**YOUR TASK**.
The listing below is to be copied exactly, with pictures excluded.

%%

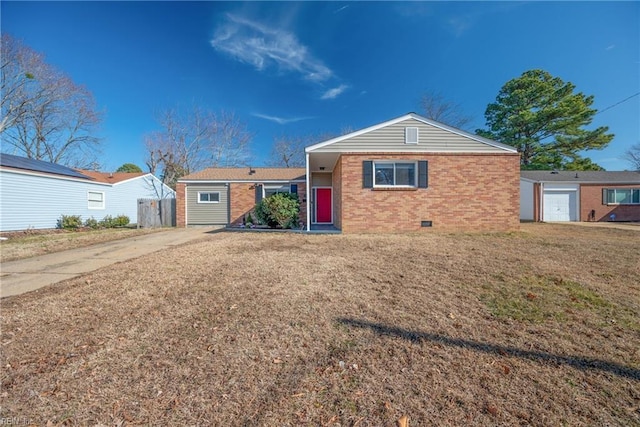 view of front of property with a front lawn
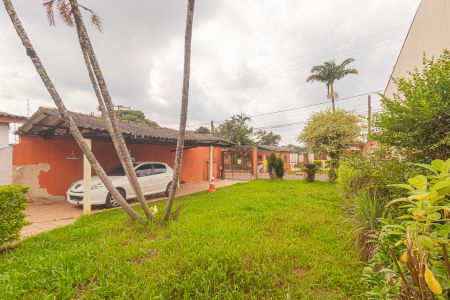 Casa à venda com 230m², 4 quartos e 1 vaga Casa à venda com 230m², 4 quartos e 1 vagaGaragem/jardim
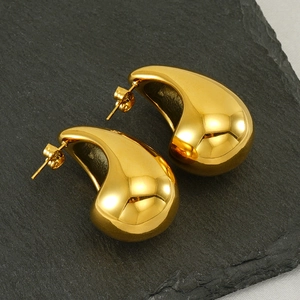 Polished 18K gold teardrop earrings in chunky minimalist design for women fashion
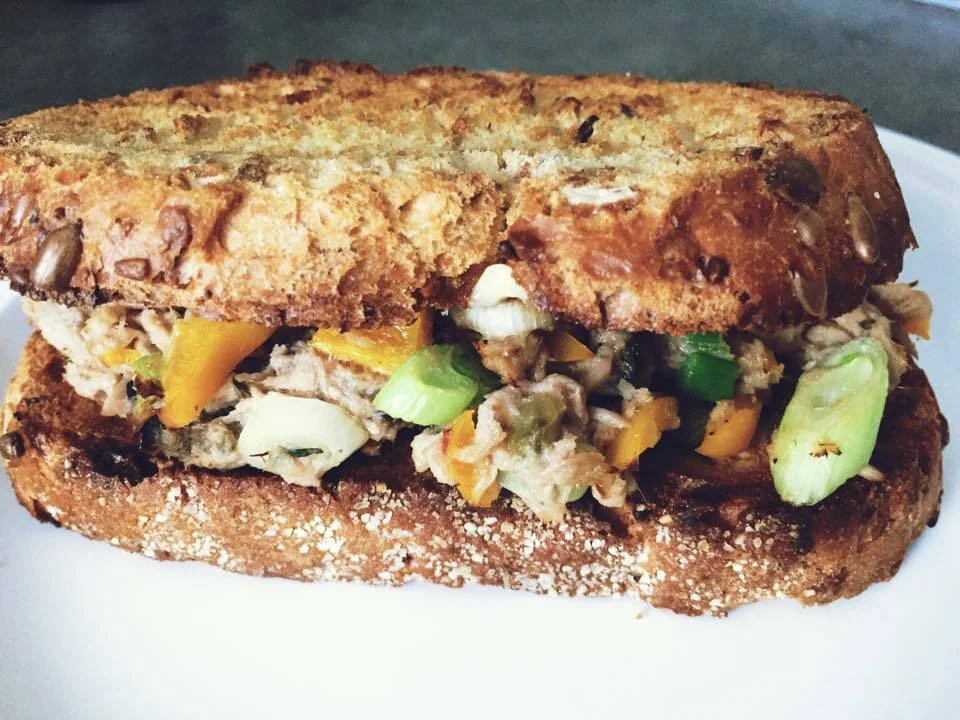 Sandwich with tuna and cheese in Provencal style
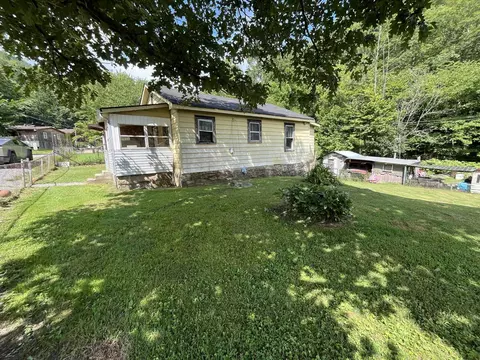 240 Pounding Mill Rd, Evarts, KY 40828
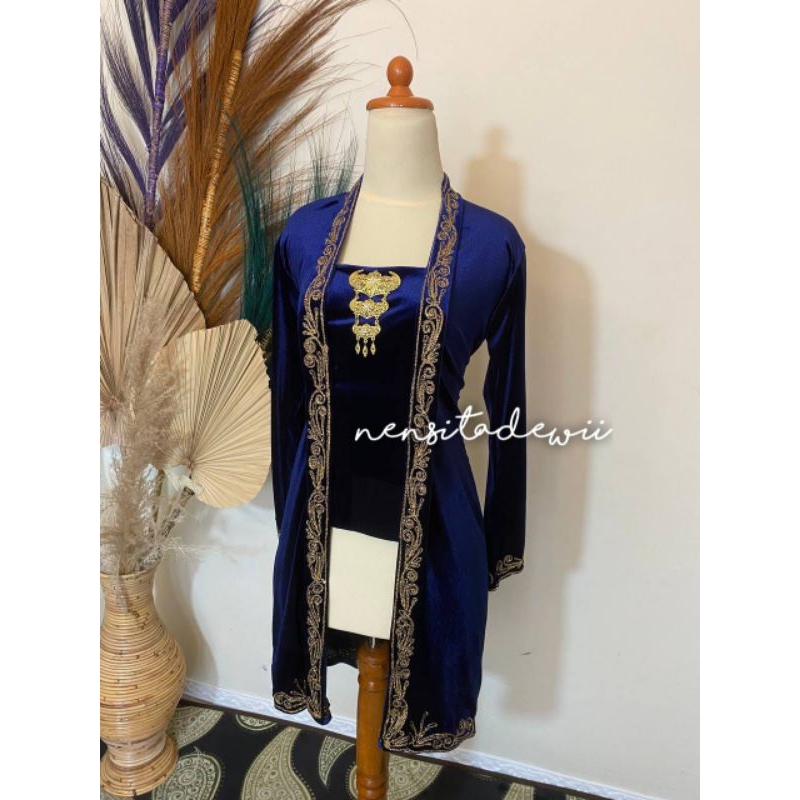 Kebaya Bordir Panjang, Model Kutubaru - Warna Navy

%%

**OUTPUT FOR THIS EXERCISE**.
 view of front of property with a front lawn
 Casa à venda com 230m², 4 quartos e 1 vaga Casa à venda com 230m², 4 quartos e 1 vagaGaragem/jardim
 Polished 18K gold teardrop earrings in chunky minimalist design for women fashion
 Sandwich with tuna and cheese in Provencal style
 240 Pounding Mill Rd, Evarts, KY 40828
 Kebaya Bordir Panjang, Model Kutubaru - Warna Navy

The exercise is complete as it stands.